… why bring children into it?
We live in an age of relentless pessimism. People openly describe the world as corrupt, violent, exploitative, collapsing. Climate catastrophe is treated as inevitable. Political institutions are widely regarded as illegitimate or captured. Economic systems grind people down while enriching a few. Mental illness is endemic. War is normalized. Surveillance is constant. The future feels smaller than the past.
And yet, in the midst of it all, bringing a child into the world is treated as a moral good — often as the highest good — beyond question or critique.
This deserves examination.
If you sincerely believe the world is dangerous, unjust, and spiraling toward catastrophe, then procreation is not a neutral act. It is a decision to expose a new, defenseless person to conditions you already recognize as harmful. We should not knowingly drop a child into a burning building and call it hope. We should not place someone in a collapsing system and call it love. But when it comes to existence itself, the moral scrutiny vanishes. Why?
Because reproduction is culturally insulated from ethical analysis. It is framed as instinct, destiny, or sacred duty rather than a choice with consequences. Once an act is treated as “natural,” we stop asking whether it is just.
A child does not consent to being born. That is unavoidable. But what follows from that fact is rarely taken seriously. Once someone exists, they are compelled to participate in a system they did not choose: they must labor, obey laws, endure illness, suffer loss, and eventually die. Even the best possible life includes fear, grief, and pain. The worst lives include exploitation, abuse, hunger, and despair.

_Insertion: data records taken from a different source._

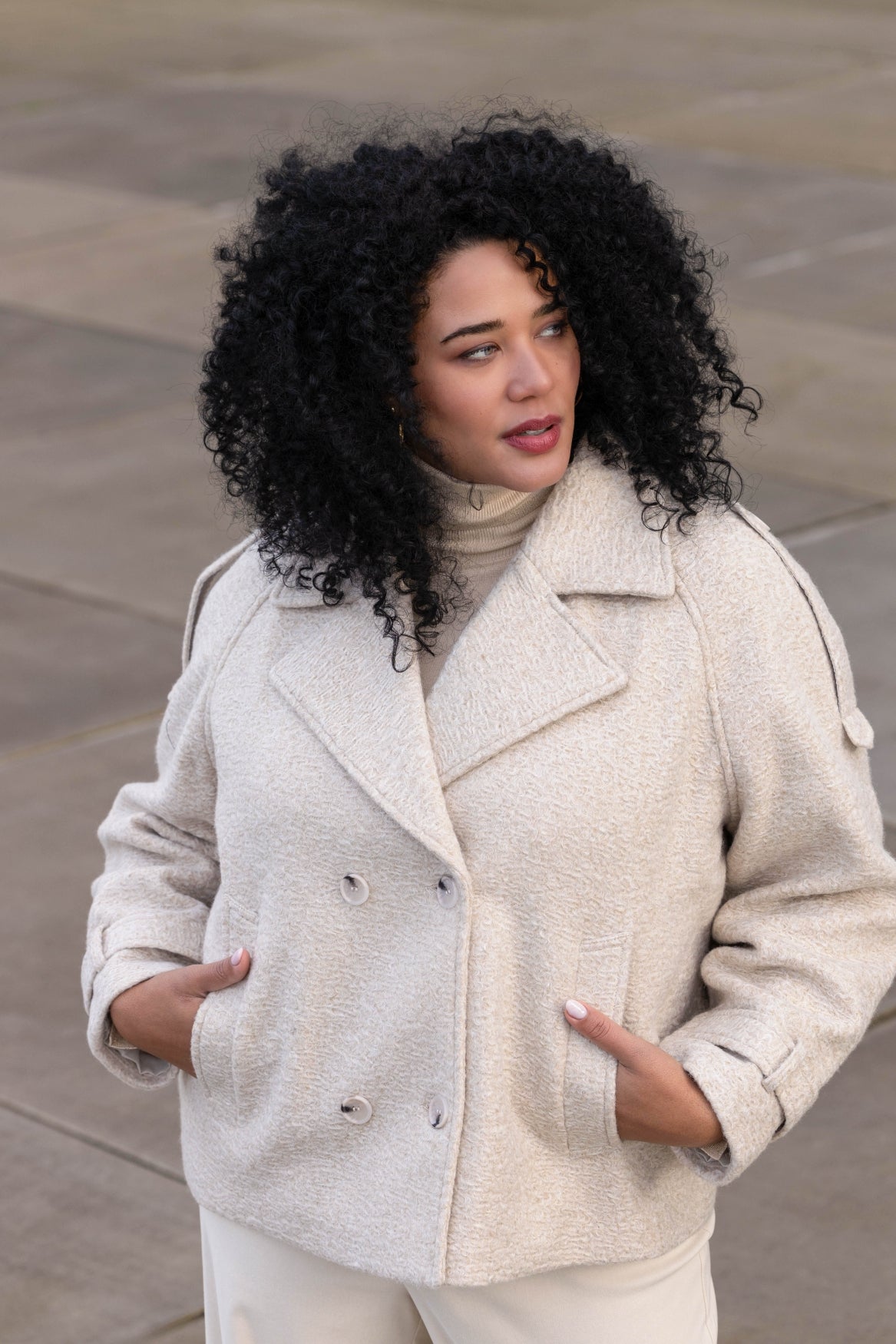 Astrid | Light Sand/Melange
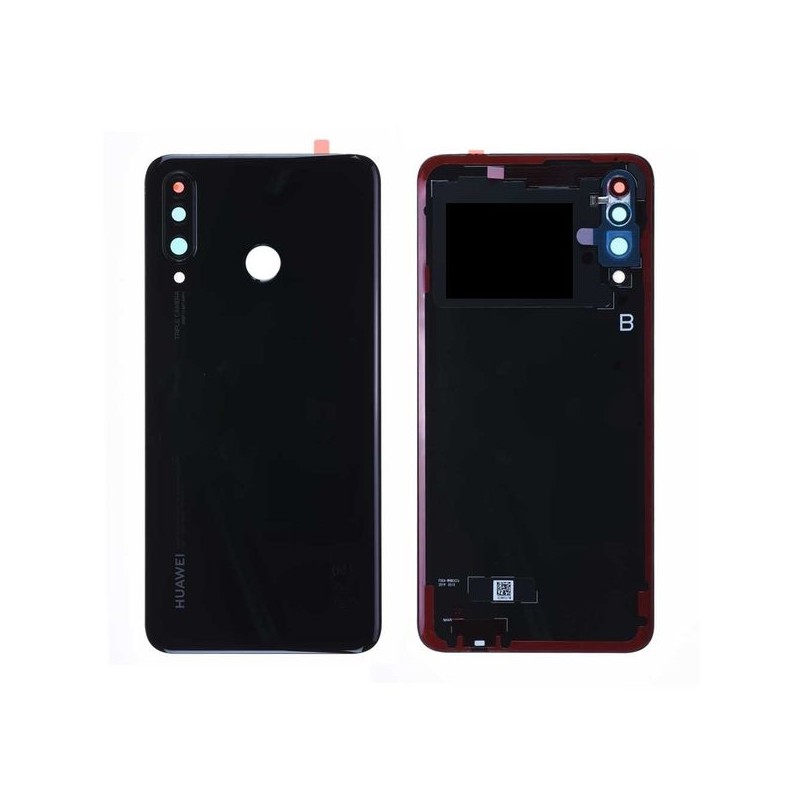 Vitre Arri&egrave;re Compatible Huawei P30 Lite Noir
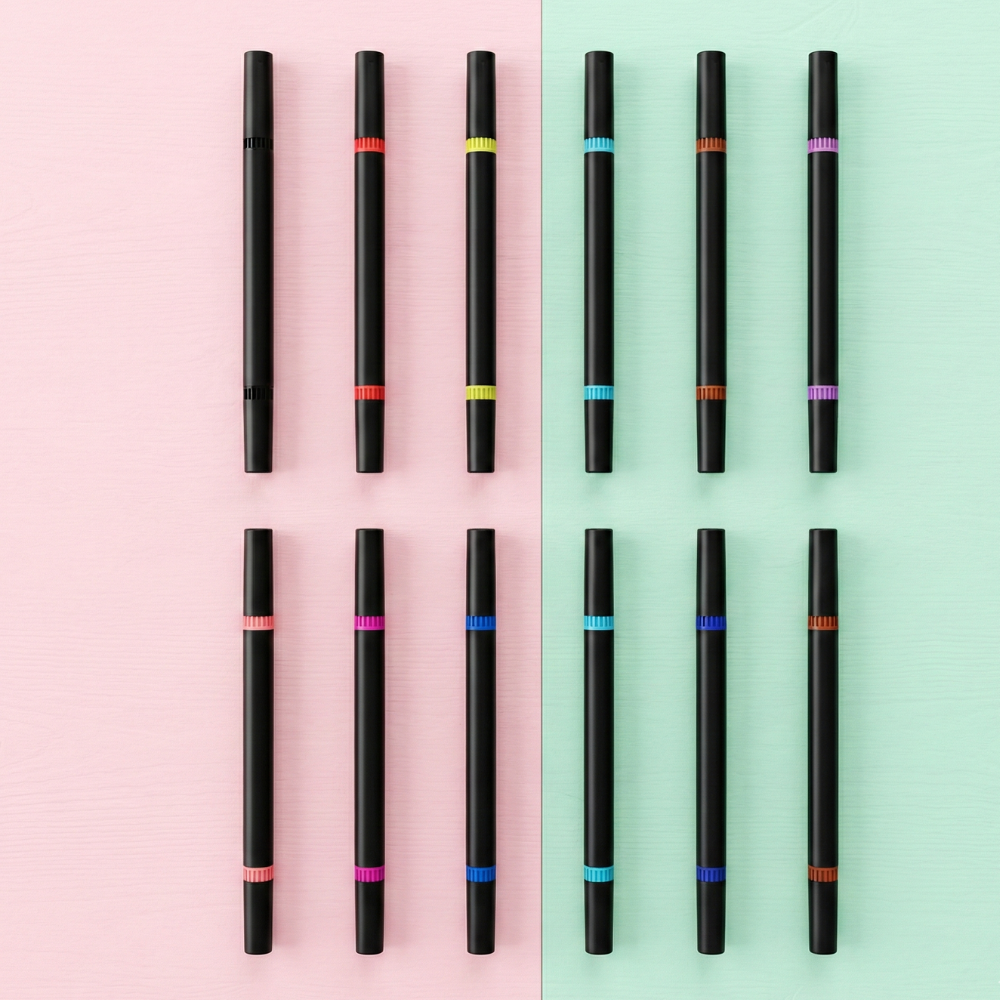 Brush Pen Sets, Dual Tip Fine Liner, Brush Pen & Marker (36 & 48 Colour Packs)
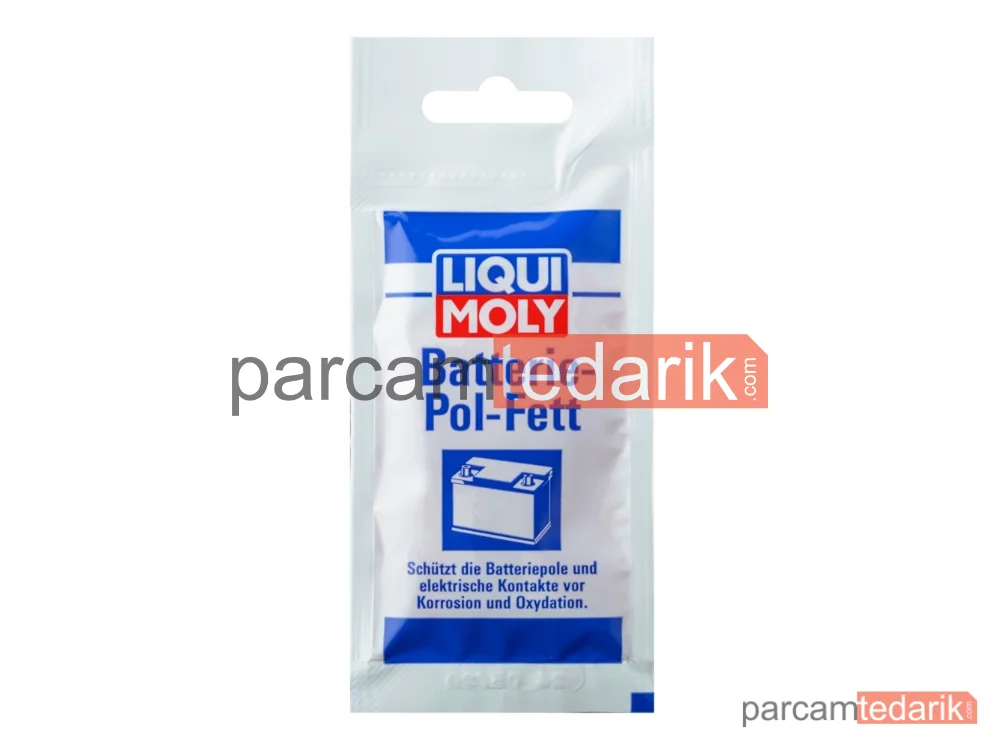 LIQUI MOLY 3139 | Akü Kutup Gresi 10 g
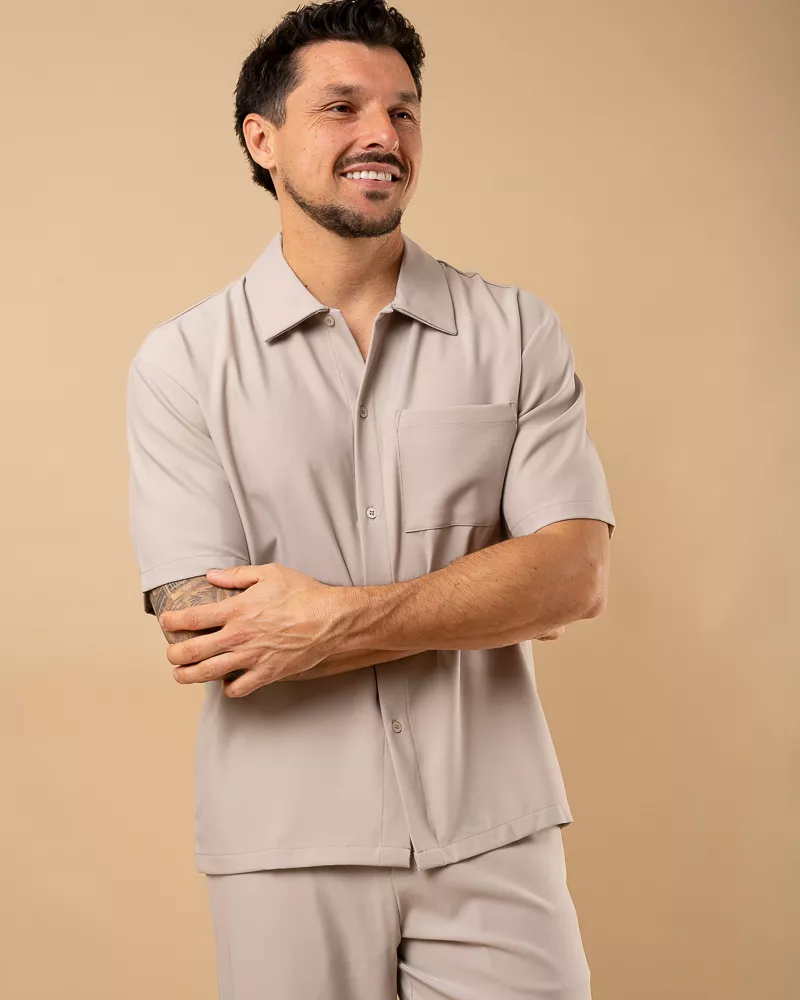 Chemise manches courtes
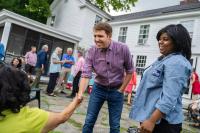 Pappas keeps focus on November amid signs of tightening Senate primary
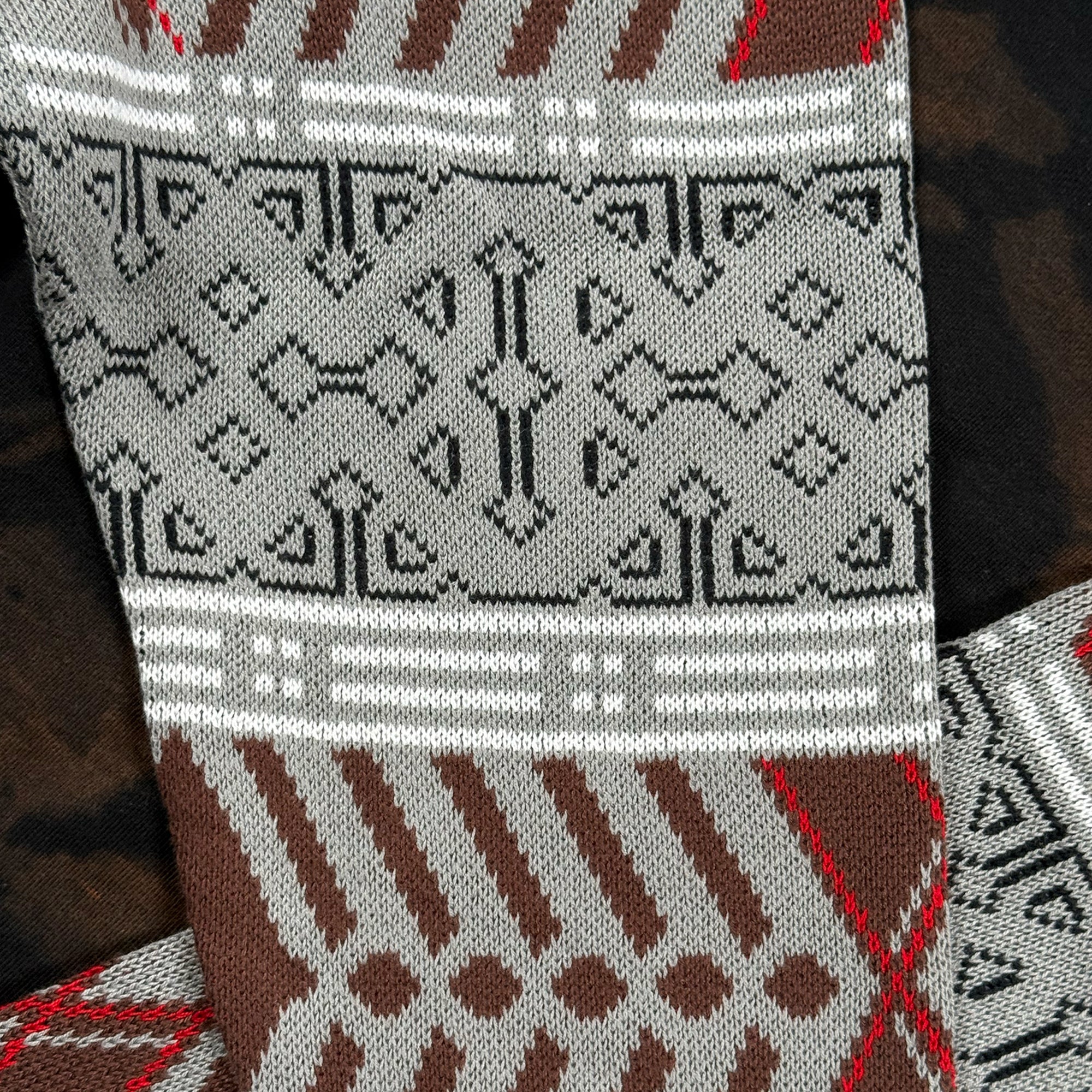 Bleached Crew Neck Sweatshirt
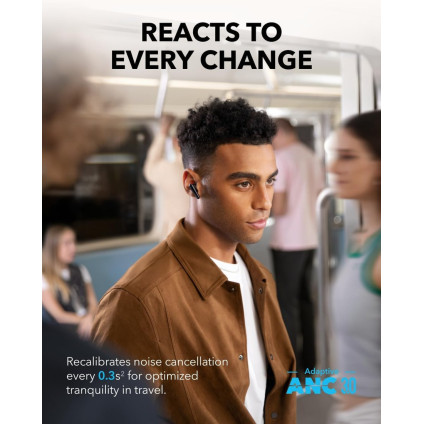 Наушники Anker Soundcore Liberty 4 Pro (черный матовый)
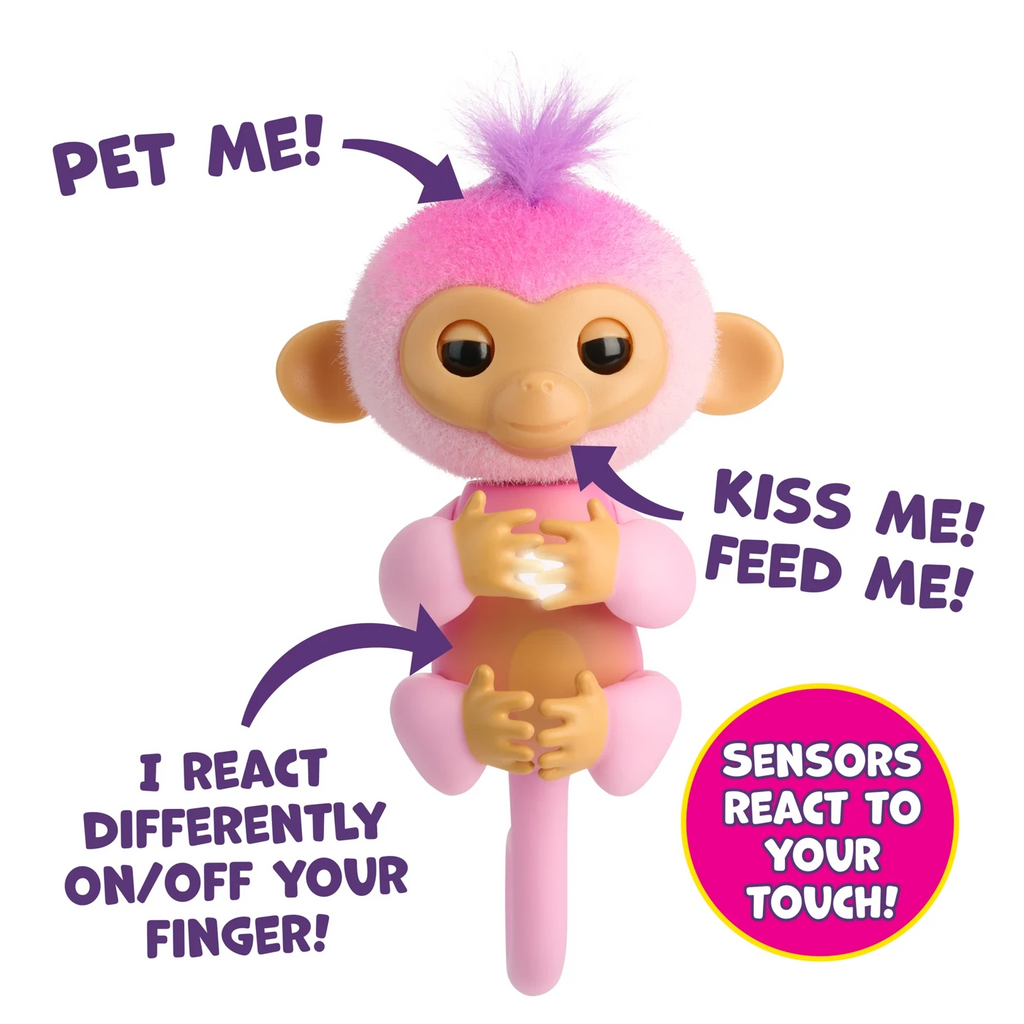 Fingerling Basic Monkey Asstd Each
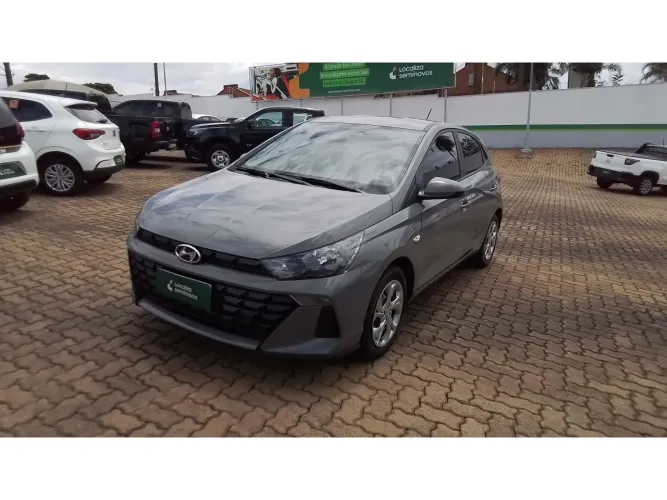 Hyundai HB20 Comfort 1.0 Flex 12V Mec. 2026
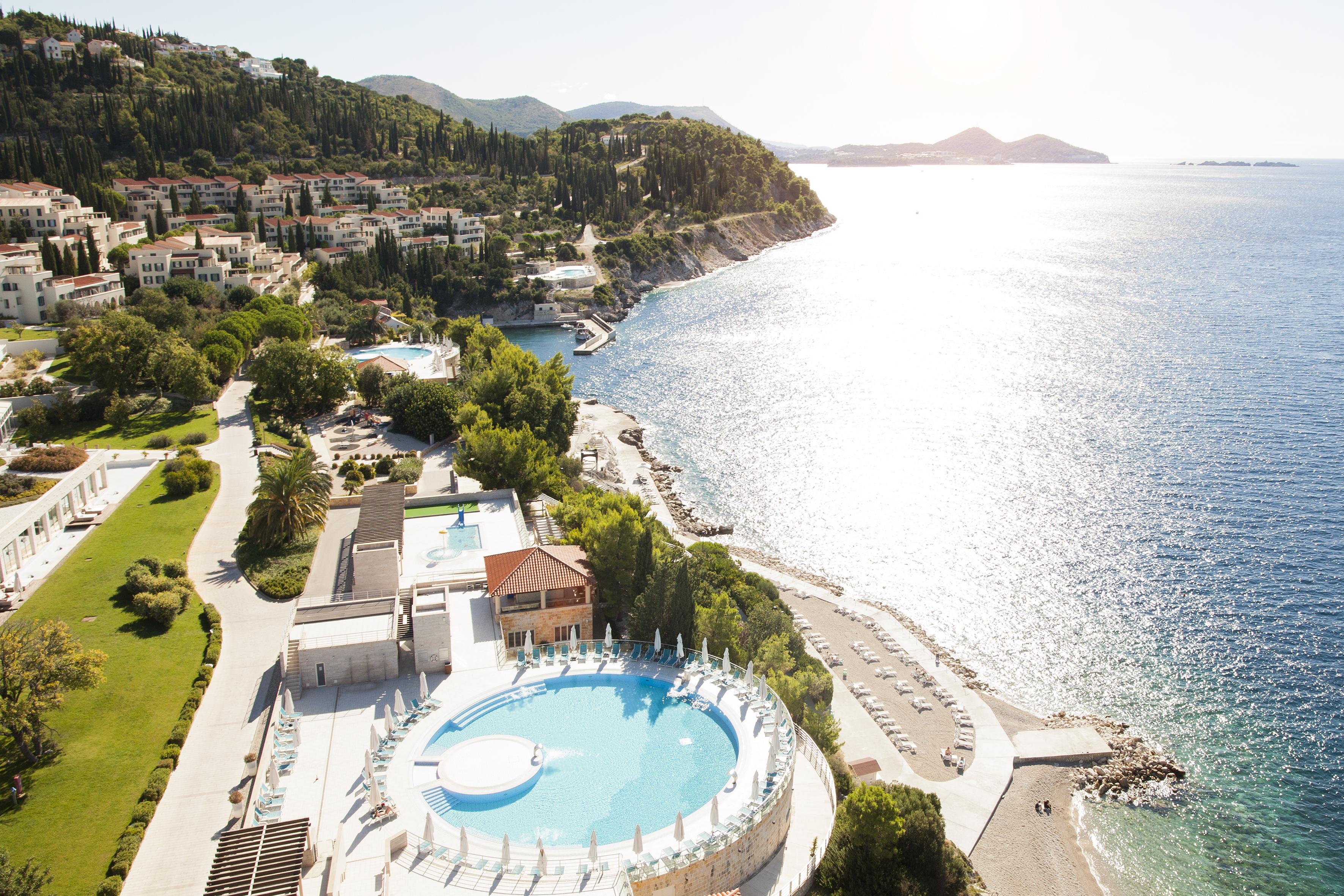 Sun Gardens Dubrovnik Hotel Exterior foto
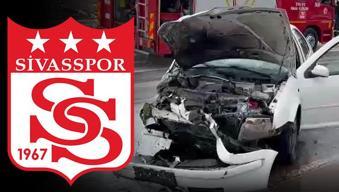 Sivasspor tesislerinde kaza! 4'ü futbolcu 6 yaralı var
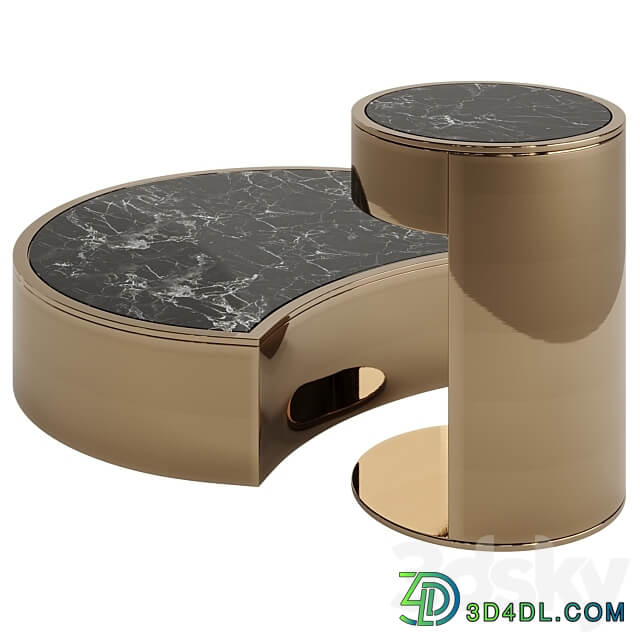 FENDI CONSTELLATION CONSTELLATION MARBLE COFFEE TABLE 3D Models 3DSKY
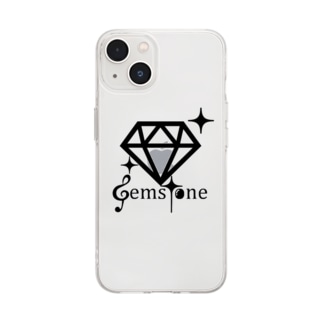 Gemstone　iPhoneケース Soft Clear Smartphone Case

Crucially, non-existence deprives no one, while existence exposes someone to harm. This is a moral asymmetry people are deeply uncomfortable acknowledging, because it challenges one of our oldest assumptions: that life is always a gift. But a gift is something you can refuse. Existence is not.
“But they’ll make the world better!”
This is the most common defense, and it sounds noble. But it smuggles something deeply troubling into the argument. It assigns a moral burden to someone who does not yet exist. It treats a child as a future solution to problems created by adults, systems, and history. It converts hope into obligation.
If the world is broken, the responsibility to fix it belongs to those already here. Creating a new person in order to justify optimism is not hope, it is deferral. It is also a gamble. For every child who grows into a reformer, countless others will struggle to survive. Many will be crushed by the very forces they were supposed to redeem.
Another common move is to romanticize suffering. Pain becomes “growth.” Struggle becomes “meaning.” Trauma becomes “what makes us human.” This is easy to say when the suffering is abstract or belongs to someone else. But no one thanks their parents for giving them anxiety, grief, or an early death. No one looks back on war, illness, or exploitation and says, “I’m glad to endure that.” Meaning is something people construct in spite of suffering, not because suffering is good. To impose suffering without consent and then praise resilience is a moral sleight of hand.
Many people do not actively decide to have children. They drift into it. It’s what people do. It’s expected. Questioning it feels like questioning life itself, but default choices are still choices. And when the stakes involve an entire huma lifetime “I didn’t really think about it” is not an ethical defense.
Refusing to create life in a world you believe is dangerous is not nihilism. It’s moral restraint.
This argument is often misread as hatred of life or contempt for children. It is neither.
It is an attempt to take suffering seriously, to refuse to minimize it, normalize it, or pass it along out of habit or hope. It is a refusal to gamble with someone else’s pain in order to make existence feel meaningful.
If we truly believe the world is cruel, unstable, and unjust, the the most honest response may not be reproduction, but responsibility: caring for those who already exist, reducing harm where we can, and resisting the systems that make life so precarious.
Love does not require creation. Sometimes, love looks like restraint.